:: Data ::
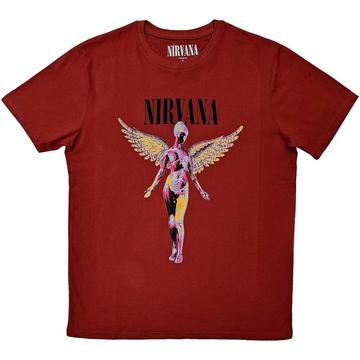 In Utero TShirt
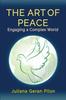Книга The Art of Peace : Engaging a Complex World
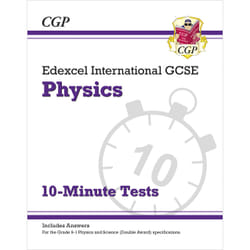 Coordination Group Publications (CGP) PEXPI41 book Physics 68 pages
--
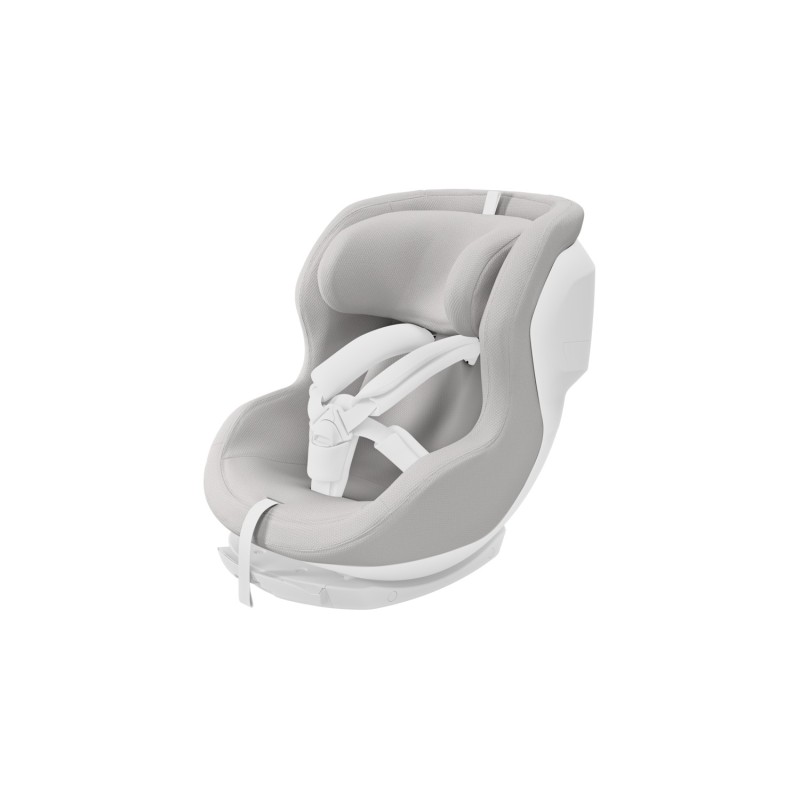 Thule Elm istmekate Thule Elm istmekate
--
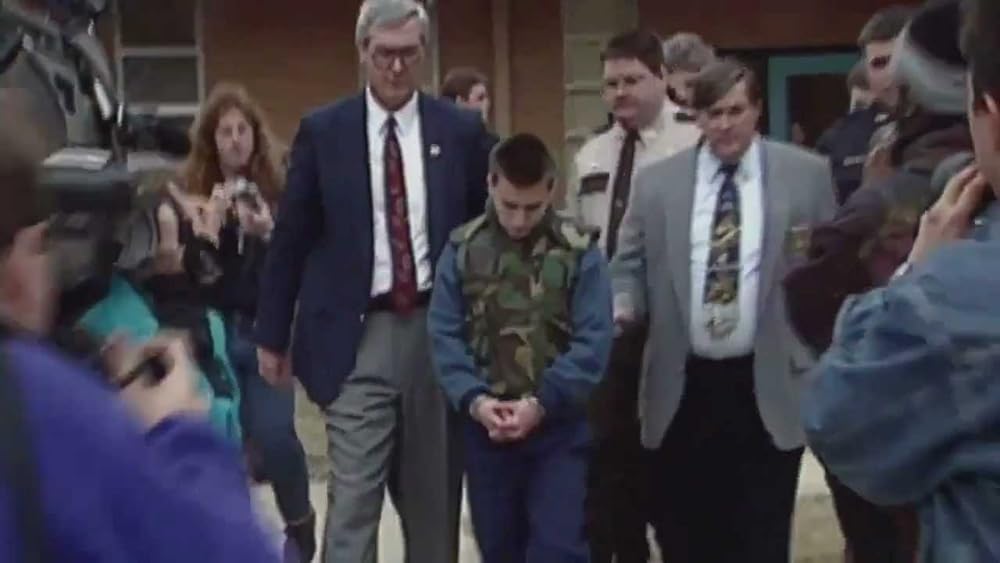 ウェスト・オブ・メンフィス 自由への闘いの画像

:: Task goal ::
Only one stretch of the entries above is needed: the lines from the one containing "In Utero TShirt" through the one containing "Coordination Group Publications". Copy it exactly, without the pictures.

:: Written solution ::
 In Utero TShirt
Книга The Art of Peace : Engaging a Complex World
 Coordination Group Publications (CGP) PEXPI41 book Physics 68 pages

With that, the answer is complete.